Hidden Figures reveals the correlation between success and the recognition of diversity in the workplace. When the four women start at Langley, they are immediately met with racial and gender injustices from their white male colleagues. Cardboard signs hung over lunchroom tables and bathrooms reading that the area was only for the use of the “Colored” or “White”. This was the ‘Jim Crow’ era, and laws in many states created strict segregation according to race. However, just because this signage existed, it did not mean that these women didn’t find ways to challenge the racist practice. One day, Miriam Mann was frustrated by the demeaning way she was treated because of the color of her skin and “at some point during the war, the colored computers sign disappeared into [her] purse and never came back. The separate office remained, as did the segregated bathrooms, but in the Battle of the West Area Cafeteria, the unseen hand had been forced to concede victory to its petite but relentless adversary… Miriam Mann's insistence on sending the humiliating sign to oblivion gave her and the other women of west computing just a little more room for dignity and the confidence that the laboratory might belong to them as well”. Her rebellious act of removing the sign gave the black computers a sense of autonomy. Unfortunately, many other forms of segregation were still in place, but this was a powerful act of agency on behalf of these mathematicians.
Shetterly’s story isn’t just about bathrooms and drinking fountains. The color and gender lines that these women were forced to accept included ‘segregated professional recognition’ as well. Female mathematicians were important contributors to the computation going into the development of the space program, but according to Shetterly they were “rarely rewarded by seeing her name alongside his on the final publication”. Since publication was essential for career advancement, the misrepresentation made them immune to any sort of recognition for their work; therefore, consideration for promotion.

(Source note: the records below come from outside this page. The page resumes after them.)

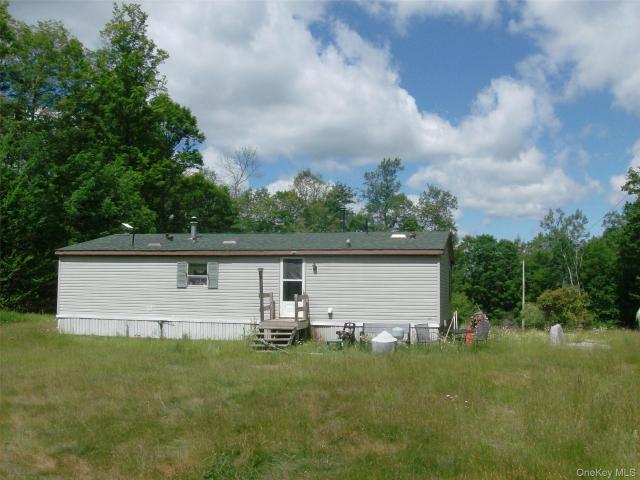 House for sale in East Branch, New York
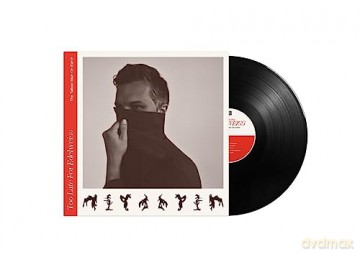 Tallest Man On Earth: Too Late For Edelweiss [Winyl]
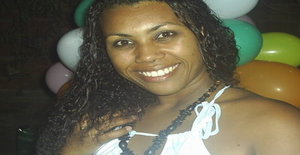 Anabrendha 42 years old I am from Rio de Janeiro/Rio de Janeiro, Seeking Dating Friendship with Man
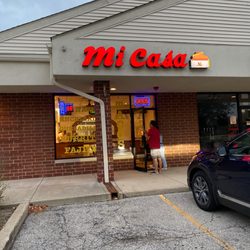 Mi Casa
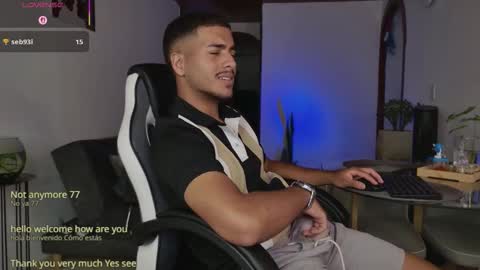 michel g22 online show from 02/17/26, 10:49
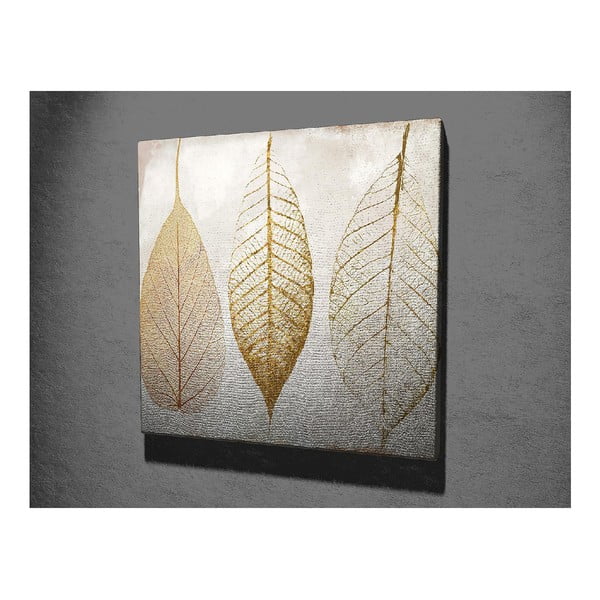 Glezna uz audekla Reece, 45 x 45 cm-image-2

Margot Lee Shetterly’s Hidden Figures included such a talented group of mathematicians that, over time, they prove their importance to the company. Although all of the women are very good at what they do, it is Katherine Johnson that emerges as the most indispensable for making calculations that the astronauts and engineers needed to travel to the moon and back. The only person that astronaut John Glenn trusted to check the calculations for his flight was Katherine Johnson. It was his ability, unlike many of his peers, to be able to look past gender and race and recognize excellence. Katherine Johnson’s calculations were critical to the first successful lunar landing and the safe return of the spacecraft and the astronauts. His support for Johnson and the other black computers was reciprocated by the National Advisory Committee for Aeronautics (NACA), by releasing a statement confirming their integration. NACA Lawyers claimed “eighty percent of the world's population is colored…In trying to provide leadership in world events, it is necessary for this country to indicate to the world that we practice equality for all within this country. Those countries where colored persons constitute a majority should not be able to point to a double standard existing within the United States'. By recognizing and then demolishing the “double standard” blacks face in the United States, Langley unifies the workplace and acknowledges the work done by their black workers. Through this, Shetterly provides a powerful argument at the end of the book that diversity in the workplace encourages excellence and success at the highest level.
The year 2019 marks the 400th anniversary of the first ship to arrive in Jamestown with slaves. Shetterly ends her book with the powerful fact that the Langley Company in Virginia was just a few miles from the location where the first slaves arrived in 1619. These women are part of a long tradition of people who have had to prove their worth and value at a higher level simply because of the color of their skin. It is their contributions that helped pave the way for others and that is why Hidden Figures is a story that everyone should know.